▶ **DATASET**:
.....
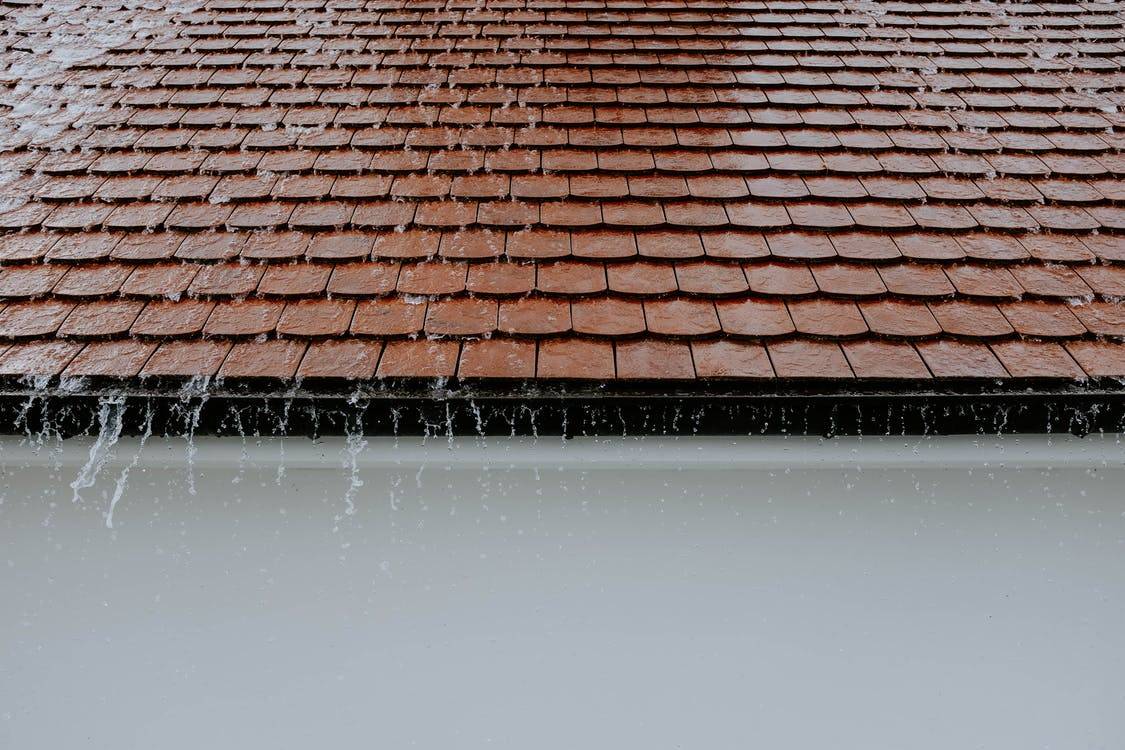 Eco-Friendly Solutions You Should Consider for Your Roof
.....
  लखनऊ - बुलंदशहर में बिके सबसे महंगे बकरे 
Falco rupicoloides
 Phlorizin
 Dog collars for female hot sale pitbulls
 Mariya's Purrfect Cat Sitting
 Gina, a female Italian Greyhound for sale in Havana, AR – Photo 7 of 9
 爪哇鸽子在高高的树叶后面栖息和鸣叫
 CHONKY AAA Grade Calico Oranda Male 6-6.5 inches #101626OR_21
.....
▶ **EXERCISE OBJECTIVE**: Using the data above, report the number of lines that contain the string "sale", and only that number.

▶ **OUTPUT FOR THIS EXERCISE**: 2